Recovery and Recurrence
The outlook for straightforward pericarditis is good. In one long-term study, 96% of patients achieved complete remission with standard treatment. About 16% of patients experienced at least one recurrence, with an average of two relapses per patient. So while pericarditis can come back, it remains manageable for the vast majority.
Adding colchicine, an anti-inflammatory medication, to standard treatment cuts the risk of recurrence roughly in half. In a large randomized trial published in the New England Journal of Medicine, 16.7% of patients taking colchicine had recurrent or persistent pericarditis at 18 months, compared to 37.5% on placebo. Colchicine also improved symptom resolution at 72 hours (about 81% versus 60%) and reduced hospitalization rates from 14% to 5%. For the small percentage of patients whose pericarditis keeps returning despite standard therapy, newer treatments that block specific inflammatory signals can achieve remission.
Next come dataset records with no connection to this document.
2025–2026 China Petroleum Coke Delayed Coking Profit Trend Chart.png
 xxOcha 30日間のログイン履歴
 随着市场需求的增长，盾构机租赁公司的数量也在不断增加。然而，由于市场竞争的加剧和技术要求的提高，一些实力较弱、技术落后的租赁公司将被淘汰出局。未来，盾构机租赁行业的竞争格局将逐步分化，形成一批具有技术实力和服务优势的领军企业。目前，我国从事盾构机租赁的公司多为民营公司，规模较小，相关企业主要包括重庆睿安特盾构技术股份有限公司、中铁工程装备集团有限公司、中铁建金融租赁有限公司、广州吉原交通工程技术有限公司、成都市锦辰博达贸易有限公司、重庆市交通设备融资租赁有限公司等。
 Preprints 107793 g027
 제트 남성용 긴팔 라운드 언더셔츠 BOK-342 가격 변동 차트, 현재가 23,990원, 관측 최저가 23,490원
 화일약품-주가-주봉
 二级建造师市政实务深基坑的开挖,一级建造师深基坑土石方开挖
Exercise After Heart Inflammation
Physical activity restrictions depend on which part of the heart was inflamed. Pericarditis alone generally requires a shorter rest period, but myocarditis comes with stricter guidelines. Current recommendations call for 3 to 6 months of abstaining from strenuous exercise after a myocarditis diagnosis, with repeat evaluation before returning to activity. Studies of patients with confirmed myocarditis from COVID-19 found that returning to physical activity after three months of rest was safe over a 12-month follow-up period.
The concern isn’t just about feeling better. Exercising with active heart muscle inflammation increases the risk of sudden cardiac death. The waiting period allows time for inflammation to fully resolve and for imaging to confirm the heart has returned to normal function.